If not the seven-figure audiences that marked her first week in the league, Clark provided a noticeable boost to some of the WNBA’s lower-profile broadcast partners over the weekend. Friday’s Fever-Sparks WNBA regular season game averaged a 0.46 rating and 724,000 viewers on ION, marking easily the largest WNBA audience on the Scripps-owned “netlet,” which began carrying games last season.
By comparison, neither of ION’s two previous games this season hit the 300,000 mark. Mystics-Sun drew 290,000 and Storm-Lynx 266,000 the prior week.

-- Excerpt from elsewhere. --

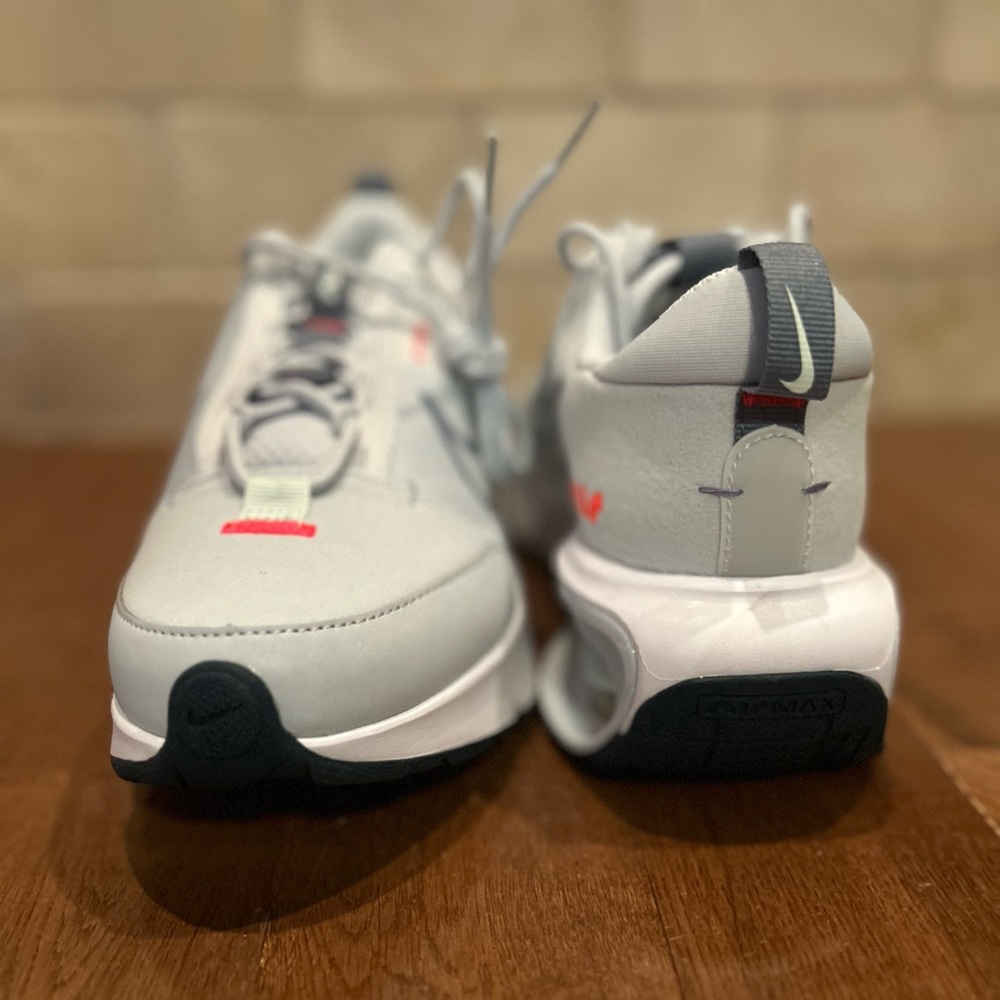 NIKE AIR MAX INTRLK - Picture 4 of 5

As for ION’s other sports property, the NWSL, the most-watched match so far this season delivered 219,000 on May 4 (North Carolina-NJ/NY).
Indiana’s win, the first in Clark’s professional career, delivered the fifth-largest audience of the WNBA season. Indiana has played in four of the top five — also including Clark’s May 14 pro debut on ESPN2 (Fever-Sun: 2.12M), Fever-Liberty on ABC May 18 (1.71M) and Sun-Fever on ESPN May 20 (1.56M) — and led into the fifth (5/18 Sparks-Aces: 1.34M). (Clark’s home debut on May 16 aired on Amazon Prime and was not Nielsen-rated.)
The following night, Fever-Aces averaged a 0.16 and 333,000 on NBA TV — the most-watched WNBA game ever on the network, which has been Nielsen rated since 2010. As one would reasonably expect, given NBA TV is in fewer homes than other networks, it was Clark’s least-watched game on Nielsen-rated television since her Iowa Hawkeyes played Rutgers on BTN January 5 (315K).
While Clark’s impact on the ratings remains outsized, the WNBA scored another viewership high last weekend without her in the lineup. Sunday’s Liberty-Lynx game on CBS averaged a 0.43 and 704,000 — surpassing Mercury-Liberty last season (694K) as the most-watched WNBA game ever on the network.